Inoltre la Cattleya leopoldii produce meno fiori e di solito color marrone, a differenza della gamma molto varia, che troviamo invece nella C. guttata.
In natura la dimensione della C. leopoldii è solitamente la metà della C. guttata, ma in coltivazione le grandezze sono molto legate all’ambiente, luce e tipo di coltivazione.
Coltivazione
Le specie di questo gruppo, come la maggior parte delle epifite, sono xerofite (periodo di secco) ed in natura si sono adattate perfettamente a condizioni ambientali limite: resistono a lunghi periodi di secco e le loro radici grosse e leggermente pelose si insinuano in tutti gli anfratti, assolvendo la duplice funzione di sostegno (alberi e pendii) e da magazzino di cibo ed acqua.

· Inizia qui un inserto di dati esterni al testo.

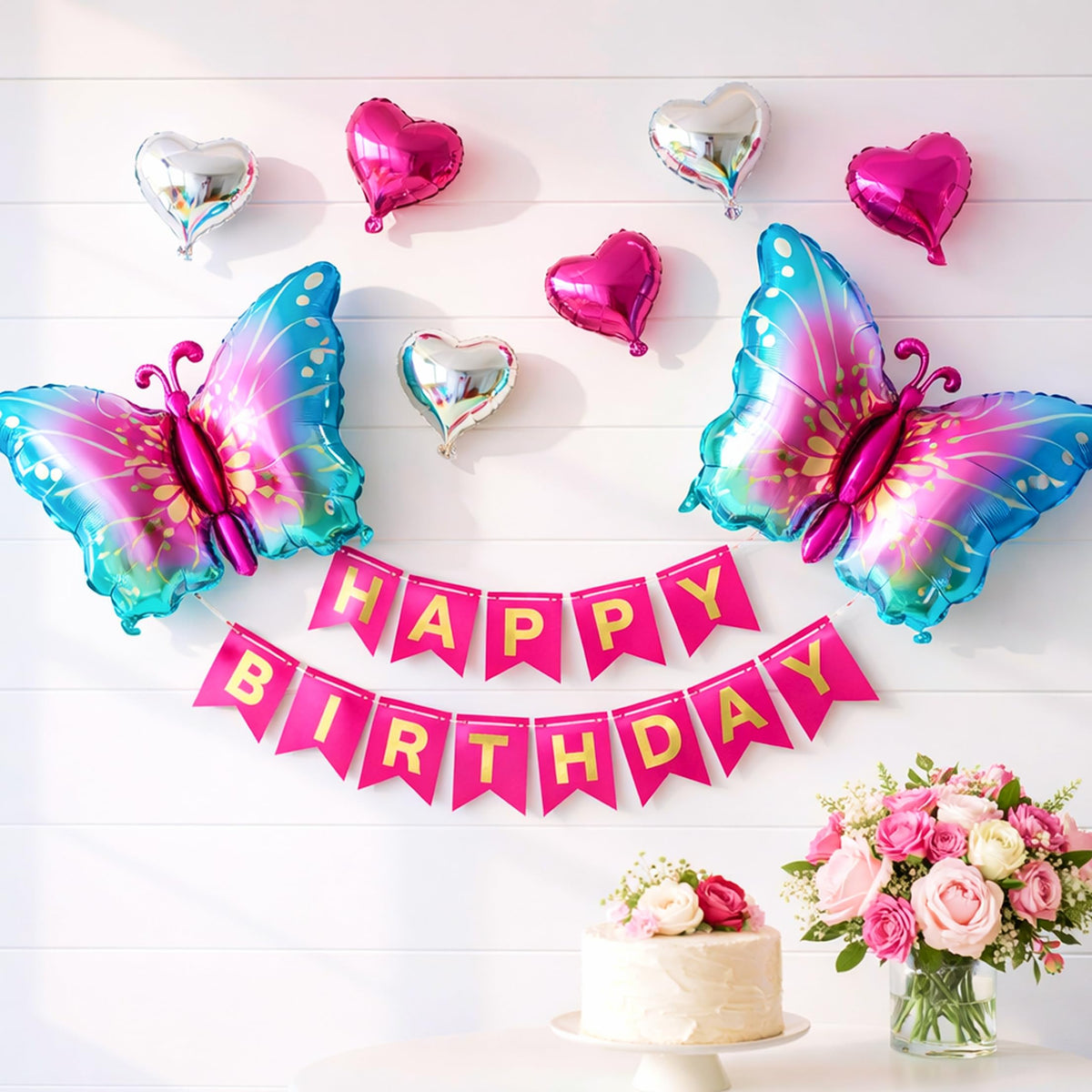 The FOMO Factory Butterfly Theme Birthday Decoration Set for Girls  Blue Pink Butterfly Foil Balloons with Silver & Pink Heart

Cattleya leopoldii richiede clima da serra calda e umida con buona ventilazione e tanta luce (quasi diretta)
Stante la sua dimensione ed il portamento eretto, conviene coltivarla in vasi con composto di corteccia media (dove è possibile il reperimnto si può anche usare xaxim sminuzzato e/o pezzetti ci cocco). Buoni successi si possono ottenere anche usando substarti inerti.
E’ utile rallentare o cessare le bagnature durante i due mesi invernali Dicembre e Gennaio.
Il ciclo delle fertilizzazioni e dei trattamenti protettivi seguono lo standard del suo genere: dosi generose durante il periodo vegetativo di concime equilibrato NPK 20.20.20, e 2 trattamenti di NPK 10.30.20 nella fase di maturazione delgli pseudobulbi giovani.